Blue Thermal 01 – Candy & Cigarettes

Blue Thermal 01 – Candy & Cigarettes

Vous prendrez bien un peu de Manga?….

Une bluette sympathique et un excellent polar sombre et particulièrement bien construit… En guise de mangas, il y en a pour tous les goûts!… Les miens me portent, en tout cas, à vous conseiller vivement de vous plonger dans « Candy & Cigarettes » !

© Komikku © Casterman


Blue Thermal 01

(auteur : Kana Ozawa – éditeur : komikku)

Une des grandes tendances de la bd japonaise, c’est ce qu’on pourrait appeler la « romance ». Les histoires à l’eau de rose se multiplient en effet, pour le plus grand plaisir des adolescents et, surtout, des adolescentes. C’est que les ingrédients dans ces livres sont toujours un peu les mêmes, calqués, en quelque sorte, sur le mythe charmeur et, ma foi, charmant, du prince qui l’est tout autant !

Un genre qui, je l’avoue, ne m’enthousiasme jamais vraiment.

Un genre illustré, dans ce livre-ci, par une histoire gentillette.

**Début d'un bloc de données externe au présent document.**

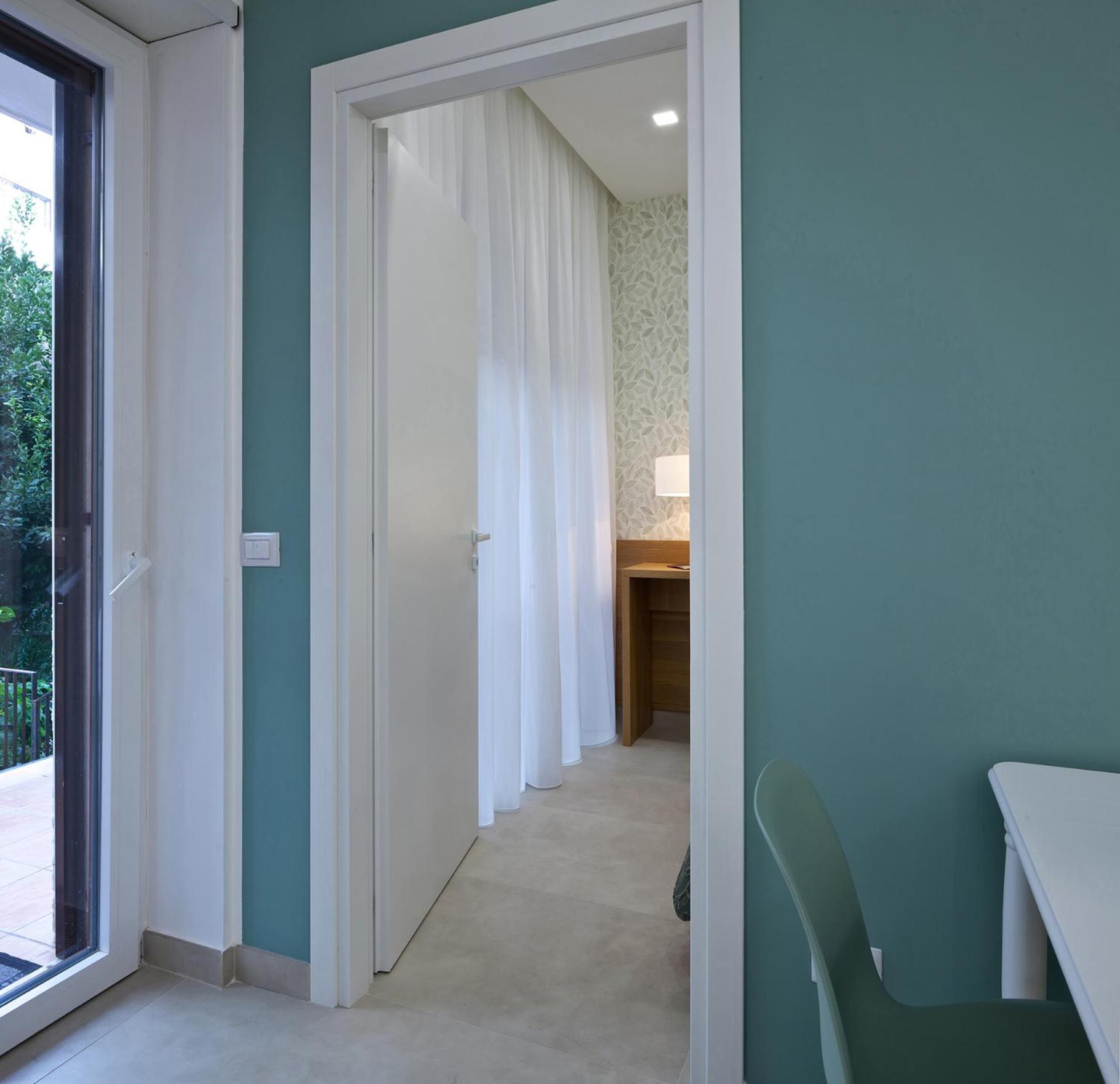 Domus Garden Apartment Naples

Tamaki s’inscrit à l’université. Véritable garçon manqué, sportive dans l’âme, ce qu’elle veut, c’est se dénicher, comme toutes les filles de son âge, un « petit ami ». Mais voilà, si le coup de foudre existe, si elle le ressent, c’est vis-à-vis du ciel, des nuages, du vent, et d’un planeur dans lequel elle s’offre le bonheur de voler au-dessus des choses, des sentiments, et de leurs apparences.

Blue Thermal 01 © Komikku

Sans être exceptionnel, ce « Blue Thermal » se différencie malgré tout de la production habituelle de ce genre d’histoires. Par la personnalité de son héroïne, d’abord, qui, de gaffe en gaffe, se doit de trouver sa place dans une société japonaise extrêmement codifiée, une société dans laquelle le rôle de la femme n’a rien de féministe, que du contraire, et ce jusque dans les termes utilisés : après une ses maladresses, Tamaki s’entend dire, par exemple, qu’elle va devoir rembourser en nature… On parle de travail à fournir, certes, mais le double sens du langage n’a certainement, ici, pas grand-chose à voir avec le seul hasard !

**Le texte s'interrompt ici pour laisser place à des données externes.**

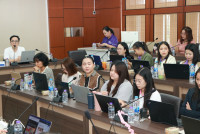 คณะศึกษาศาสตร์ มช. จัดอบรม Next-Gen Researcher เพิ่มทักษะนักศึกษาด้วย NotebookLM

La seconde différence se situe là, justement, dans le portrait d’un Japon toujours ancré dans des réflexes du passé, dépassés donc.

Cela dit, les codes habituels du manga (caricature des expressions, par exemple) sont bien présents, avec leurs lourdeurs évidentes. Mais le dessin réussit, cependant, à attirer grâce à l’attention qu’il porte aux regards des différents protagonistes.

Ce que j’ai apprécié, aussi, dans le dessin, c’est la symbolique des différentes représentations graphiques de l’héroïne, dessinée tantôt enfant, tantôt ado, tantôt presque adulte, selon les sensations qu’elle exprime.

C’est donc une bd manga sympathique, et qui s’adresse essentiellement à un public jeune, c’est évident !


Blue Thermal 01 © Komikku

Candy & Cigarettes

(auteur : Tomonori Inoue – éditeur : Casterman)

Avec ce manga-ci, on se trouve très loin du codifié, du conventionnel, à savoir même du « politiquement correct ». Jugez-en en découvrant le fil du scénario !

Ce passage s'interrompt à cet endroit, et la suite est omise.